Можешь считать их оххххренительно огромным паролем, который на сегодняшнее время крайне трудно (на практике - можно считать, что невозможно) взломать. Зато авторизация происходит легко, ненавязчиво и без необходимости постоянно вбивать пароль.

Как и пароль, ты должен хранить свой приватный ключ в надёжном месте, и следить, чтобы никто не имел доступа к твоему каталогу ~/.ssh

Можешь.

Спасибо, шаблон порван на клочки.

Как и пароль, ты должен хранить свой приватный ключ в надёжном месте, и следить, чтобы никто не имел доступа к твоему каталогу ~/.ssh

В панике побежал проверять, везде drwx------. Пойду, валерианочки выпью.

А что, если админ сдаст? У него ведь root?

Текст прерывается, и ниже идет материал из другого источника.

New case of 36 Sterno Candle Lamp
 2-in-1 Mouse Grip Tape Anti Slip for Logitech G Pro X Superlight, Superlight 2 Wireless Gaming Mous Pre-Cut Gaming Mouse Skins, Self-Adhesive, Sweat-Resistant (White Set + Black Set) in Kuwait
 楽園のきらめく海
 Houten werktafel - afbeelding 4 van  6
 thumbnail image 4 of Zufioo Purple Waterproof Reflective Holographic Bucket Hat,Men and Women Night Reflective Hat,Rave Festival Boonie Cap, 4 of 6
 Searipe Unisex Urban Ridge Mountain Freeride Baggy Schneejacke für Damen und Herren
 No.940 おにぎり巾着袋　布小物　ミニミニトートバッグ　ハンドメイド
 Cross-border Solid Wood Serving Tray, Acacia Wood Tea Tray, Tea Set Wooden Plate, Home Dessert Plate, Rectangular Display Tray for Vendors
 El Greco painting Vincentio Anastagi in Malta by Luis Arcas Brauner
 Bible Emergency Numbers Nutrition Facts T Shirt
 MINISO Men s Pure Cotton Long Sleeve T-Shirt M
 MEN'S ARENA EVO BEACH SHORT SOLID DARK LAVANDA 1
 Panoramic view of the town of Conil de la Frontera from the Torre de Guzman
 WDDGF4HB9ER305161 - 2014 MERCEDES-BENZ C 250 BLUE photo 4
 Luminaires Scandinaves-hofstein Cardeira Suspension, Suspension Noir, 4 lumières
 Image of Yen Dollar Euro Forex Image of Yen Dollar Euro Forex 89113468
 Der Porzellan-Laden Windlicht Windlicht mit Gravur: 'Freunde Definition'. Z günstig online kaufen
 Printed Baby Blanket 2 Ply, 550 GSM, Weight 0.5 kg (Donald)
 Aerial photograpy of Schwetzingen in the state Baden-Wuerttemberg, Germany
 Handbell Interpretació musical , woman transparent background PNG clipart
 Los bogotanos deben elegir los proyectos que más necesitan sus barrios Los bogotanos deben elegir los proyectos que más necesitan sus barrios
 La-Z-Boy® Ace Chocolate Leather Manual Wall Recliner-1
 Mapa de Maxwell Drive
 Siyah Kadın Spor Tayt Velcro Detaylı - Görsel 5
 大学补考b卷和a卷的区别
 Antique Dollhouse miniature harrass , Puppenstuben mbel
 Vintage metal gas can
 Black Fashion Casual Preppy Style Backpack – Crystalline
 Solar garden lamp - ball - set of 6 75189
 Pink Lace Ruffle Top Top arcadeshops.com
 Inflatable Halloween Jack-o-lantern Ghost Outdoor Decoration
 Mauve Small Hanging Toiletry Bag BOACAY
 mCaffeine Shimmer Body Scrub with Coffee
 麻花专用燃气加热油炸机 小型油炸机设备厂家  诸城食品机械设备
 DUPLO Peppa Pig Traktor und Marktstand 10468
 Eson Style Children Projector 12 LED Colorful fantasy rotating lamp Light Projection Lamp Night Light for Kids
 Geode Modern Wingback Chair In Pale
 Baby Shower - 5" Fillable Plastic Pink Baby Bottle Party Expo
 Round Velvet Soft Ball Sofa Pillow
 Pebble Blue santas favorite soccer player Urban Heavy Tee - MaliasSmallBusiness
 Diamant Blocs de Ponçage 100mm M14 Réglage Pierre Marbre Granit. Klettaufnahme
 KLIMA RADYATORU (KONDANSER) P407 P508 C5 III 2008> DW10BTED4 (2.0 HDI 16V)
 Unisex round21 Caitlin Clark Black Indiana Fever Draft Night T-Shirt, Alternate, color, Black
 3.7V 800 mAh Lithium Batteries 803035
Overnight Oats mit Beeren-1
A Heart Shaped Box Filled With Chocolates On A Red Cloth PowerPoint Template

А что, если админ сдаст? У него ведь root?

Какой админ? Твой приватный ключ должен хранится только у тебя на машине, локально.

На удаленные сервера ты кладешь публичный ключ.

Какой админ? Твой приватный ключ должен хранится только у тебя на машине, локально.

Мою локальную машину обслуживаю не я, а специальный админ (как шофёр, типа). У меня нету рута, рут есть у него.

На удаленные сервера ты кладешь публичный ключ.

По роду работы, с удалённых серверов нужен доступ на другие удалённые сервера. И на каждом заправляет специальный админ.

Мою локальную машину обслуживаю не я, а специальный админ (как шофёр, типа). У меня нету рута, рут есть у него.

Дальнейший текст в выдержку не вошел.